Key Experimental Results¶
Main Results¶
NYUv2 Dataset (3 tasks, DeepLabV3+):
| Method | Semseg mIoU↑ | Depth Abs.Err↓ | Normal Mean↓ | \(\Delta p_{task}\)↑ |
|---|---|---|---|---|
| Single-Task | 53.50 | 0.3926 | 21.99 | 0.00 |
| EW | 53.93 | 0.3825 | 23.57 | -1.78 |
| GLS | 54.59 | 0.3785 | 22.71 | +0.30 |
| Nash-MTL | 53.41 | 0.3867 | 22.57 | -1.01 |
| DB-MTL | 53.92 | 0.3768 | 21.97 | +1.15 |
| Rep-MTL (EW) | 54.59 | 0.3750 | 21.91 | +1.70 |
Cityscapes Dataset (2 tasks):
| Method | Semseg mIoU↑ | Depth Abs.Err↓ | \(\Delta p_{task}\)↑ |
|---|---|---|---|
| Single-Task | 69.06 | 0.01282 | 0.00 |
| EW | 68.93 | 0.01315 | -2.05 |
| Rep-MTL (EW) | Best | Best | Positive |
Ablation Study¶
| Configuration | NYUv2 \(\Delta p_{task}\)↑ | Description |
|---|---|---|
| EW (baseline) | -1.78 | Standard equal weighting |
| + TSR only | Improved | Task-specific saliency regulation only |
| + CSA only | Improved | Cross-task contrastive alignment only |
| + TSR + CSA (Rep-MTL) | +1.70 | Complementary collaboration of both modules |
Key Findings¶
- Equal weighting alone with Rep-MTL outperforms most MTO methods: Rep-MTL combined with the basic equal-weighting strategy achieves +1.70% on NYUv2, the highest among all methods.
- Efficiency advantage: Approximately 26% faster than Nash-MTL and ~12% faster than FairGrad, as no second-order gradient computation is required.
- Most MTO methods yield negative results in practice: Over 15 methods exhibit negative \(\Delta p_{task}\) on NYUv2, suggesting that resolving gradient conflicts alone may not be the right direction.
- Power Law exponent analysis confirms that Rep-MTL simultaneously improves both task-specific learning and cross-task sharing quality.
Highlights & Insights¶
- Paradigm shift: From "resolving conflicts" to "maintaining effective training + explicitly promoting complementarity" — a meaningful shift in perspective.
- TSR's entropy suppression: Using entropy to measure a spatial location's task specificity as a regularization objective is both elegant and effective.

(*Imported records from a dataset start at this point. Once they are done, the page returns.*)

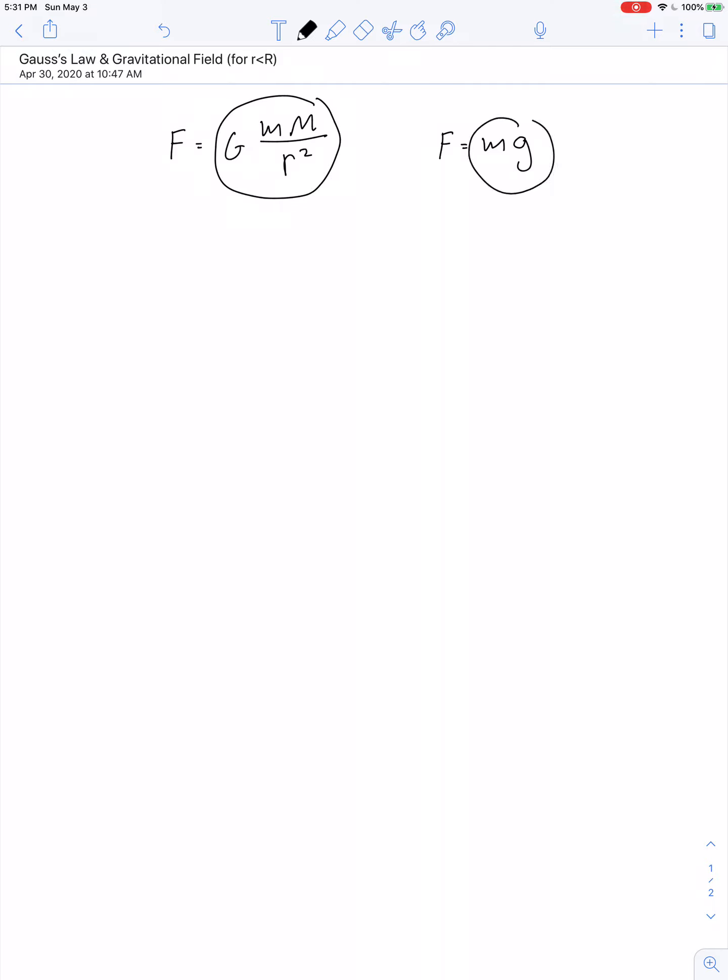Newton's law of universal gravitation says the force of attraction between any two massive objects in magnitude is equal to one mass times the other — the mass being attracted multiplied by the mass of the attractor — divided by the distance between them squared. There's a shortcut: we say F equals the mass of the object being attracted multiplied by the gravitational field created by the attractor. If we set these two expressions equal to one another, the mass of the thing being attracted cancels out.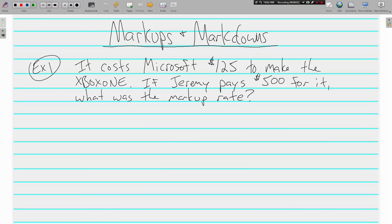Hello, this is Mr. Tipton and today we are learning about markups and markdowns. Another word for markdown is a discount — everybody likes discounts, it means you're gonna pay less for something. Markups are when you pay more for something. Most businesses mark up their products.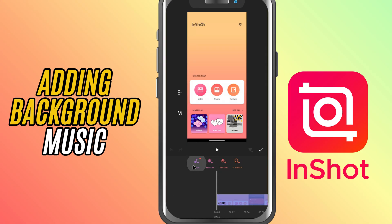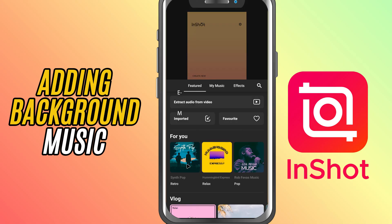You'll see three main options: Music for background music, Effects for sound effects like whooshes, pops, or applause, and Record if you want to add your own voiceover. Let's go with Music.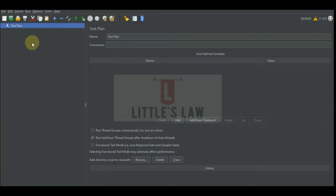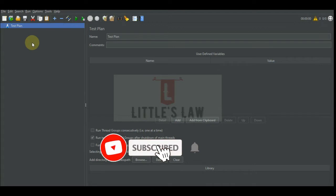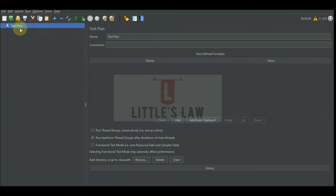So first let's see what is a switch controller. A switch controller is like an interleave controller in that it runs one of the subordinate elements on each iteration, but rather than run them in sequence, the controller runs the element defined by the switch value in the switch controller.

- CSA's contrastive design: Leveraging the consistency of per-sample saliency across tasks to promote complementarity represents the first explicit exploration of this direction in the MTO literature.
- Abundance of negative results: The paper honestly reports that 15+ methods fail to improve performance, serving as an important cautionary signal for the community.
- Regularization as MTO: Effective multi-task optimization without modifying the optimizer lowers the barrier to adoption.
Limitations & Future Work¶
- Saliency computation requires backpropagation to the representation layer for each task, leading to linearly increasing computational cost as the number of tasks grows.
- Two hyperparameters \(\lambda_{tsr}\) and \(\lambda_{csa}\) require tuning, though the paper reports low sensitivity.
- The affinity matrix \(\mathcal{M}_t \in \mathbb{R}^{B \times C \times C}\) may incur memory issues when the channel dimension \(C\) is large.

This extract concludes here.